**WHAT TO WORK ON:**
Pull out every line below holding the word "Military".

Segment Start: MATERIAL SHOWN

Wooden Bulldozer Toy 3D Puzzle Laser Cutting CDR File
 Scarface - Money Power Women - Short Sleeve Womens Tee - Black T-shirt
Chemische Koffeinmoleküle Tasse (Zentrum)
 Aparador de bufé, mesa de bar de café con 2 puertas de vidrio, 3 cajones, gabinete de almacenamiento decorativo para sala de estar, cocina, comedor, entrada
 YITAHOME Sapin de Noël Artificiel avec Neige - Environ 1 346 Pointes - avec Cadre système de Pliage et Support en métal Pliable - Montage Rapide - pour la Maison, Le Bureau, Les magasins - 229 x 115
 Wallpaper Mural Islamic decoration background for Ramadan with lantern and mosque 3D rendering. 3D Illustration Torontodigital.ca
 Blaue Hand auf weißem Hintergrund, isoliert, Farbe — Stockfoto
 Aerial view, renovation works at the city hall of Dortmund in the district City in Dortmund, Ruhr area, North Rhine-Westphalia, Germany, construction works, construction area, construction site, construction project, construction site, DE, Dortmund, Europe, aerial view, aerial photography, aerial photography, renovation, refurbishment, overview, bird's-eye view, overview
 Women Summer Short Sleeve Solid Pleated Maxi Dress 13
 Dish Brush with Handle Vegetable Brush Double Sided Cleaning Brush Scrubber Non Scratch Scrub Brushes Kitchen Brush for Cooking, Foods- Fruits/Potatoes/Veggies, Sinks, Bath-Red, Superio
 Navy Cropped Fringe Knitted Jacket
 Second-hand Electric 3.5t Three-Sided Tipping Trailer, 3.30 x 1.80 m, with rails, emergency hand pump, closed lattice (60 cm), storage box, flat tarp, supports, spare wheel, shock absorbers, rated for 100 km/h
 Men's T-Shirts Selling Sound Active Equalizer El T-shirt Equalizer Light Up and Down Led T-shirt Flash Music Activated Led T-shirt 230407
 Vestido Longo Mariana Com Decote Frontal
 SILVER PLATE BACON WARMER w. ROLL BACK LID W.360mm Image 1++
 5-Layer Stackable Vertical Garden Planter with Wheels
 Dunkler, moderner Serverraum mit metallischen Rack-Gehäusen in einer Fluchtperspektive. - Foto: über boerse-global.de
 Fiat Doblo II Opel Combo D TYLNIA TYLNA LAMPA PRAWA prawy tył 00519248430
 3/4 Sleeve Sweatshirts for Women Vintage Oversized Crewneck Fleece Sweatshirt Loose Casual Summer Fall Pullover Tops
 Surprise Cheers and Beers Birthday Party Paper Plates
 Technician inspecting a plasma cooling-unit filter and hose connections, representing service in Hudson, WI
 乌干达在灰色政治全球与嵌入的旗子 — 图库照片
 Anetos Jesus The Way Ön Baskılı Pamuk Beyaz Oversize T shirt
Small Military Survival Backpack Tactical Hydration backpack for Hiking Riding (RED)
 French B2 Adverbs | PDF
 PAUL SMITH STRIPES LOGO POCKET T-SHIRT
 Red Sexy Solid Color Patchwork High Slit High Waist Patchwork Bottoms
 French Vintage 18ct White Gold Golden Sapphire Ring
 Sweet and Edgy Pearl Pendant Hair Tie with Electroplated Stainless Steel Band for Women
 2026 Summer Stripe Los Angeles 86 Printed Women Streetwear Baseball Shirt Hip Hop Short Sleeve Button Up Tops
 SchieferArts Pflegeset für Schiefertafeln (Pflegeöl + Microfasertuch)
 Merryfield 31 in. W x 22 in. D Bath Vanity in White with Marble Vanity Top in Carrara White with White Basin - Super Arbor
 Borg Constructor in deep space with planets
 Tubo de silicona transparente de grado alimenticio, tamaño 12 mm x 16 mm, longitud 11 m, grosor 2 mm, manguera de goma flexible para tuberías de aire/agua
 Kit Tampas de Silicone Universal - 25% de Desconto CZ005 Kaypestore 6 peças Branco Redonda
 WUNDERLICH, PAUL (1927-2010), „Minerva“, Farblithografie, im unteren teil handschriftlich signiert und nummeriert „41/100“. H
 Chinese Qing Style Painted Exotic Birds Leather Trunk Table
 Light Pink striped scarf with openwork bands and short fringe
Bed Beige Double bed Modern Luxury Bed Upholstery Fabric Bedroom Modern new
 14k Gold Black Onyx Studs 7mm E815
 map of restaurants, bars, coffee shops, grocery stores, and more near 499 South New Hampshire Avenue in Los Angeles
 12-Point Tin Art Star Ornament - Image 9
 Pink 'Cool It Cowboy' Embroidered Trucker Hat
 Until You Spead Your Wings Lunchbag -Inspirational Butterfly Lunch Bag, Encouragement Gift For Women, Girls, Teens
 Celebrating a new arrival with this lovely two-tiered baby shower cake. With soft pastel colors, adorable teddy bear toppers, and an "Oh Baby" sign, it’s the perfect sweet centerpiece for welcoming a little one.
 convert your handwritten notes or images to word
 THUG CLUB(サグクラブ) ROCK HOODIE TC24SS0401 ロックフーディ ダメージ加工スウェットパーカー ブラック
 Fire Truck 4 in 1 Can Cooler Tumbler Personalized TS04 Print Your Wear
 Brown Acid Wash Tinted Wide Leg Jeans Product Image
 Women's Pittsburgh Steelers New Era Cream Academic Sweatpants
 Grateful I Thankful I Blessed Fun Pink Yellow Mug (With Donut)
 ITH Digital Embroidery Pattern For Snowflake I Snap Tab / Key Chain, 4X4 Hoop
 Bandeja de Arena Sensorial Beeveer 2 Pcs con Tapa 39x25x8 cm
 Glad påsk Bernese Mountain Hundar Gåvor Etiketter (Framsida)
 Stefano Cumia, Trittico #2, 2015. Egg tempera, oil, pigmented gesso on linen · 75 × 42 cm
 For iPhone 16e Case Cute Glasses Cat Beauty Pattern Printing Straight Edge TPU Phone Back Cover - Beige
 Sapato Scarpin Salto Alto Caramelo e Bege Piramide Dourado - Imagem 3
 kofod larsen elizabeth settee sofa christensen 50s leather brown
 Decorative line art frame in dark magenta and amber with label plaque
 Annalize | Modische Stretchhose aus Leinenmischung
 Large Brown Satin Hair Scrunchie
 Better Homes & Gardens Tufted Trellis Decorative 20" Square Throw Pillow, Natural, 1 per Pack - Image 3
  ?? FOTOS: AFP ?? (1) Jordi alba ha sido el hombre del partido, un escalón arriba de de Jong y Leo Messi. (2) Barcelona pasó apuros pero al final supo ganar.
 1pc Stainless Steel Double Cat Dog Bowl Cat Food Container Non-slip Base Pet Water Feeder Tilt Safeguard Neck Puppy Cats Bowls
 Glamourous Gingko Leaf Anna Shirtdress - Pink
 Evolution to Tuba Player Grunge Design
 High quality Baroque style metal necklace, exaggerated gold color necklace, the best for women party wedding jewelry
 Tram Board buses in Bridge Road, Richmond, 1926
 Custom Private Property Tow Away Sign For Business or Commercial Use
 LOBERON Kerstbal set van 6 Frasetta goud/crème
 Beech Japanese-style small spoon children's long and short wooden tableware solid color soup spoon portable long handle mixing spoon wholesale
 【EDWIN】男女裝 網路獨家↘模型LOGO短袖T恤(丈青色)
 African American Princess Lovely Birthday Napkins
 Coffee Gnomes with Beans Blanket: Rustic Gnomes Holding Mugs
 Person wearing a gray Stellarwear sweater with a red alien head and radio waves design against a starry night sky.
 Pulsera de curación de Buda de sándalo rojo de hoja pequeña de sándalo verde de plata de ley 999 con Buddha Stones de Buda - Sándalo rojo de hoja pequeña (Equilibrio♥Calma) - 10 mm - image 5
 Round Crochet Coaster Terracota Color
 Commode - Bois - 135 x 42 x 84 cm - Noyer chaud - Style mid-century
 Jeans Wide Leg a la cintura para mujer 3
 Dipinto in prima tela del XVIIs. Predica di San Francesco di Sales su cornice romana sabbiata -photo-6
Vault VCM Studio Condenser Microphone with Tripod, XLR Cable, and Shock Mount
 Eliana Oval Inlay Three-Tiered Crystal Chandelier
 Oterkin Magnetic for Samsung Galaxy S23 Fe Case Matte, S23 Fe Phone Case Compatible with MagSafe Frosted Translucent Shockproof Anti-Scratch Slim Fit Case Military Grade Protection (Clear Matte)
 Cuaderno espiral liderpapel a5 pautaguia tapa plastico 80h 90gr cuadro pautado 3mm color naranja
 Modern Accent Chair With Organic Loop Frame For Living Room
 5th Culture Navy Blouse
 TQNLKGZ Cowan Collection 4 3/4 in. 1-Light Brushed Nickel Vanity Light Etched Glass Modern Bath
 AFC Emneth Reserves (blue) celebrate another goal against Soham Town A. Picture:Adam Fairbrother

Segment End: MATERIAL SHOWN

**RESPONSE:**
Small Military Survival Backpack Tactical Hydration backpack for Hiking Riding (RED)
 Oterkin Magnetic for Samsung Galaxy S23 Fe Case Matte, S23 Fe Phone Case Compatible with MagSafe Frosted Translucent Shockproof Anti-Scratch Slim Fit Case Military Grade Protection (Clear Matte)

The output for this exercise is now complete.